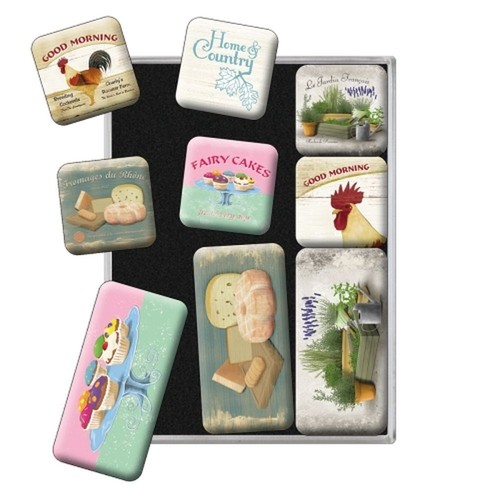 Set D'aimants Frigo 9 Pièces Happy Cats - Style Vintage, Neuf, Fabrication Allemagne
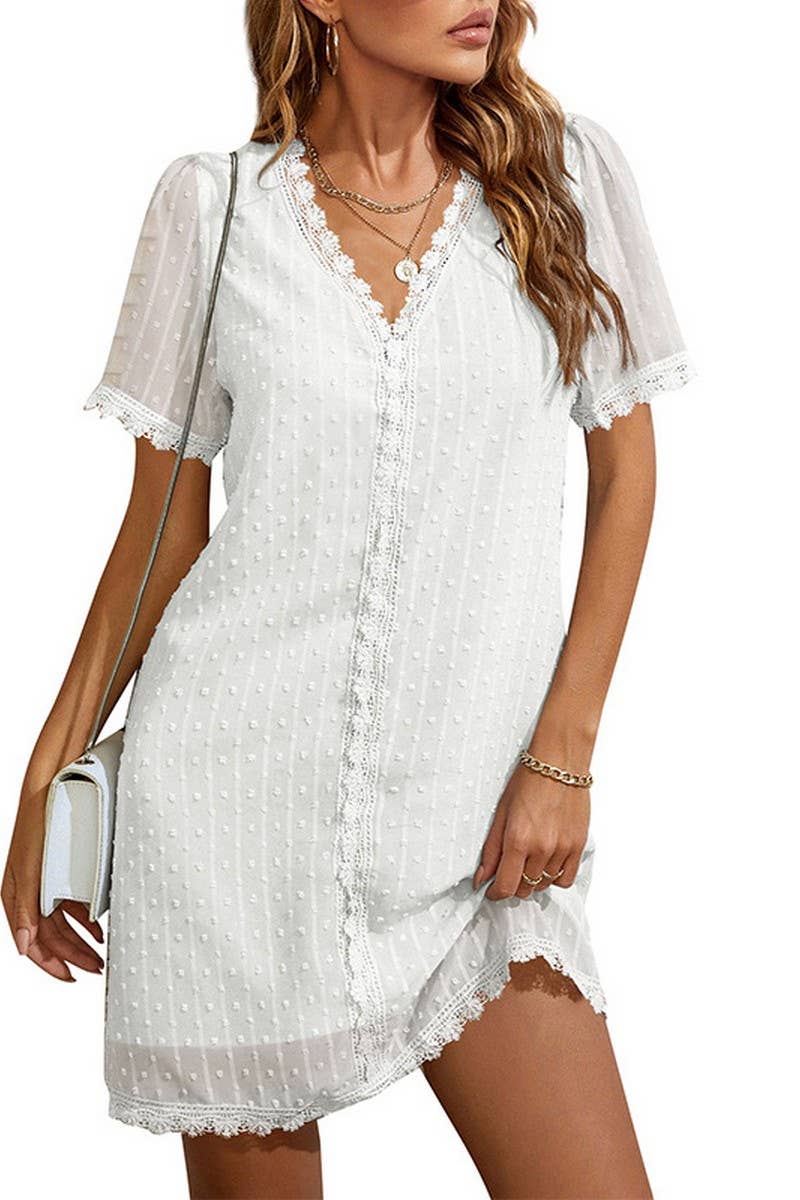 CWDSD6679_V NECK CASUAL POLKA DOT LACE SHIFT DRESS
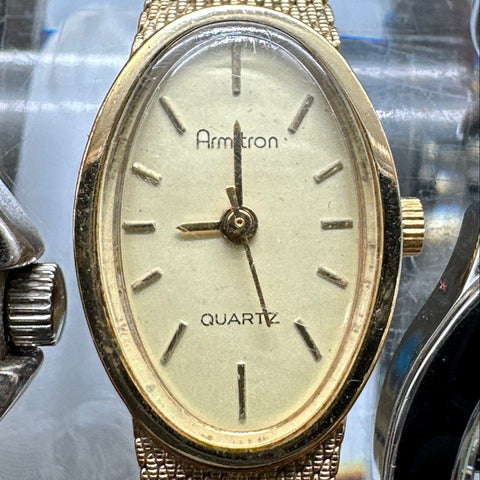 Armitron Now Women's Watch Lot of 5 Vintage Retro Gold Silver Tone Quartz
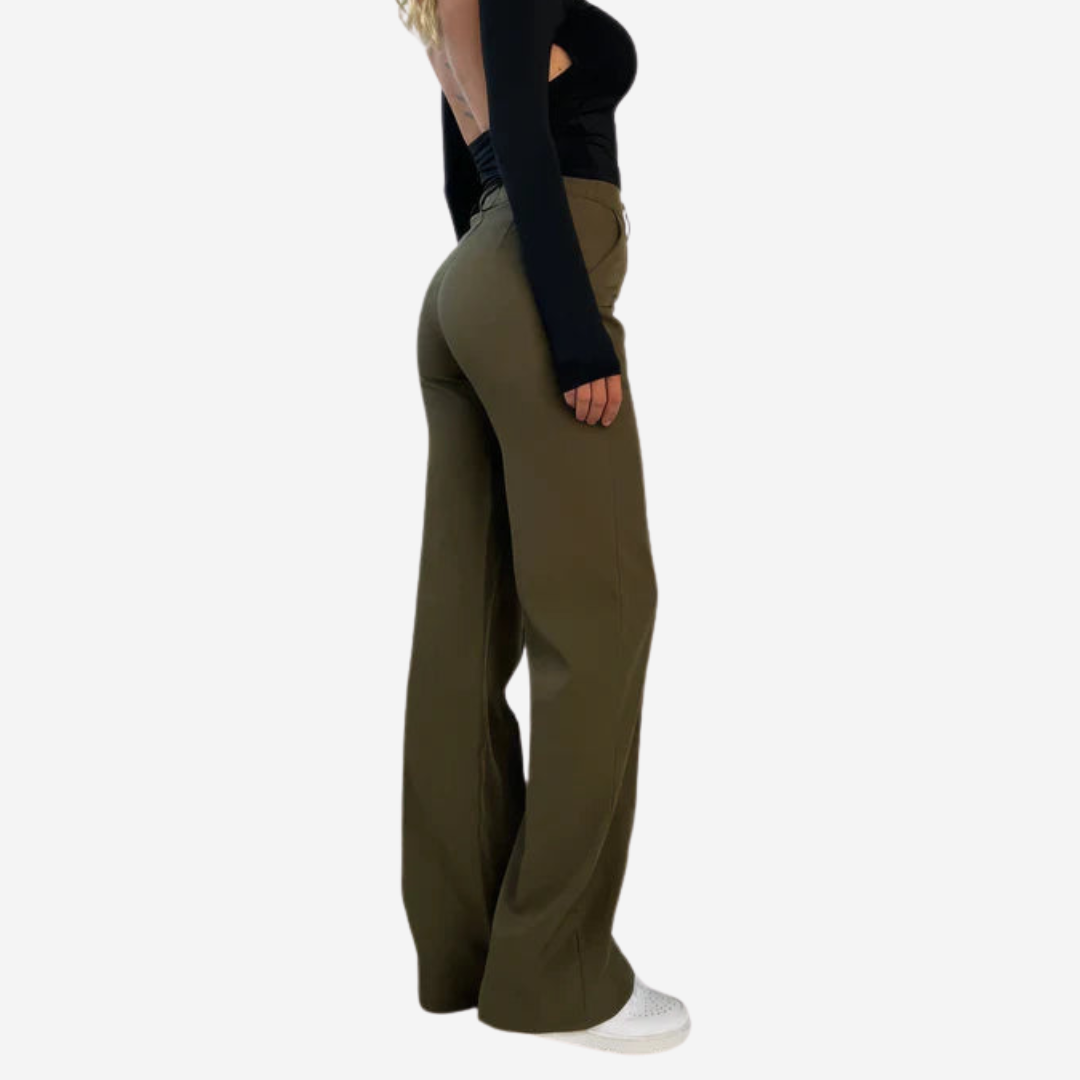 Women's Wide Leg Dress Pants – High Waist Tailored Fitted Waist Trousers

- **Problem to work on**:
Repeat the listing above word for word. Do not include the pictures.

- **Reply**:
 Set D'aimants Frigo 9 Pièces Happy Cats - Style Vintage, Neuf, Fabrication Allemagne
 CWDSD6679_V NECK CASUAL POLKA DOT LACE SHIFT DRESS
 Armitron Now Women's Watch Lot of 5 Vintage Retro Gold Silver Tone Quartz
 Women's Wide Leg Dress Pants – High Waist Tailored Fitted Waist Trousers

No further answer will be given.